We’re becoming friends, Esther thought. After all these years. She looked at him. Old skin over strong bones, watery eyes, a friendly gaze. Maybe he was just a little rusty from having lived alone for so many years, like herself.
“Gregers, I’m going to have to sell the building.”
The words left her mouth before the thought was fully conscious but as soon as she said them, she knew they were true. She pictured her childhood bedroom with its sloping walls, her mother at the old gas stove, back when the kitchen was facing the courtyard. She sat on her father’s lap in the wing-back chair as he read her the newspaper, his pipe smoke billowing up around them, and she drew with chalk and played with the other kids in the street. In that house she had seen her mother’s face for the first time and the last, had her first kiss and carried her only child, and she had never even considered leaving it, not for a second. It wasn’t just a home to her: it was her entire history.
“I can’t live there anymore,” Esther said. “It’s impossible.”
“I understand,” he said, bowing his head.
“You do? It’s your home, too. I’m reluctant to—”
“I’ve had that same thought. It’ll never be like before.”
“I fear it will never feel safe again.” She spoke with a lump in her throat. “Not for me, anyway. So once this case has faded some, the building will get a makeover by some cleaning company and then I’ll sell it. It shouldn’t be hard despite the… murder.” She forced herself to say the word.
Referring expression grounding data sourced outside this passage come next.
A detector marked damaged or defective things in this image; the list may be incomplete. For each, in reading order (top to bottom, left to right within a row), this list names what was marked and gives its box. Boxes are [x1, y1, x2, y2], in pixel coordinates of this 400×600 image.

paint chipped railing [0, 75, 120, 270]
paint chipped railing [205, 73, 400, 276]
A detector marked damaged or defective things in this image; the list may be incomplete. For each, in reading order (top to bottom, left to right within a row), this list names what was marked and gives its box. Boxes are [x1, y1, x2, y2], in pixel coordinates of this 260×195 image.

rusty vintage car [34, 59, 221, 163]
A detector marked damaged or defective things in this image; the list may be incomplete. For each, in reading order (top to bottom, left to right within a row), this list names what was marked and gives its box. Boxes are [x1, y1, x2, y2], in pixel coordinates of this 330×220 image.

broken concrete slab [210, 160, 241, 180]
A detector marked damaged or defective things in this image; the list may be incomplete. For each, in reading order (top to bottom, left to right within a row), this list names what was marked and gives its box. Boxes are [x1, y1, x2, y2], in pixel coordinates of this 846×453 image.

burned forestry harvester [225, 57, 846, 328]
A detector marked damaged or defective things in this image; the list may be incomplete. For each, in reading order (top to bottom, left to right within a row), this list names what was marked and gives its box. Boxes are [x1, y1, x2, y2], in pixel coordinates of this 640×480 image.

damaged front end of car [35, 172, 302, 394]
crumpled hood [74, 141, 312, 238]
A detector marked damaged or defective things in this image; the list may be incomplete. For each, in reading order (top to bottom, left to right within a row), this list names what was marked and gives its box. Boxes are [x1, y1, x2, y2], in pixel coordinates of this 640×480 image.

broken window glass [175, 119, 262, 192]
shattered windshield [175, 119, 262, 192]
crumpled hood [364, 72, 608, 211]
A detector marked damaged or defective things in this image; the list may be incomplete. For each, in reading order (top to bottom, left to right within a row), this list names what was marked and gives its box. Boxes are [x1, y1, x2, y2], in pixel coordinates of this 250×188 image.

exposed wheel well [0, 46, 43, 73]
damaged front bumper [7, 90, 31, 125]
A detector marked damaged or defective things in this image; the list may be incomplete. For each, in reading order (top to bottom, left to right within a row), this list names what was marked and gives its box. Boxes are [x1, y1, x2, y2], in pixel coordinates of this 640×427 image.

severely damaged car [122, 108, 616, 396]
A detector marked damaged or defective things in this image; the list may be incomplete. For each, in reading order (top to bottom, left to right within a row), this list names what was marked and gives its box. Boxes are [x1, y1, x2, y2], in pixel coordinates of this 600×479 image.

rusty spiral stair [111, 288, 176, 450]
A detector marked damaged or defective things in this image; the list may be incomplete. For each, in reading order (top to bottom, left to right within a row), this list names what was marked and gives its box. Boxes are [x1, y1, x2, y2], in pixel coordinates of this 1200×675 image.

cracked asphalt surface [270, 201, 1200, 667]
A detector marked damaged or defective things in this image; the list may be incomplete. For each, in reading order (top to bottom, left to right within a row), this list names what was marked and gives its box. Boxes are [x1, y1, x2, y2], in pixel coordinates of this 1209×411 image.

Gregers sighed. “I’m being discharged tomorrow or the next day as long as there aren’t any complications.”
Esther nodded cautiously. Her ribs hurt, her head ached, and her jaw was still swollen, but she was also hoping she would be able to go home in the next couple of days.
“But”—he sounded heartbroken—“now I don’t know where to go.”
“Gregers, I have an idea,” Esther said, patting his hand. “Maybe you and I could take a little vacation after we get discharged. Somewhere warm with good food and wine and maybe an ocean we can sit and look at. Then we can think about where we want to move.”
“We? Well, I’ll be—”
He looked at her, looked away again, tried to speak, but couldn’t. When he finally regained his composure, his voice was unsteady.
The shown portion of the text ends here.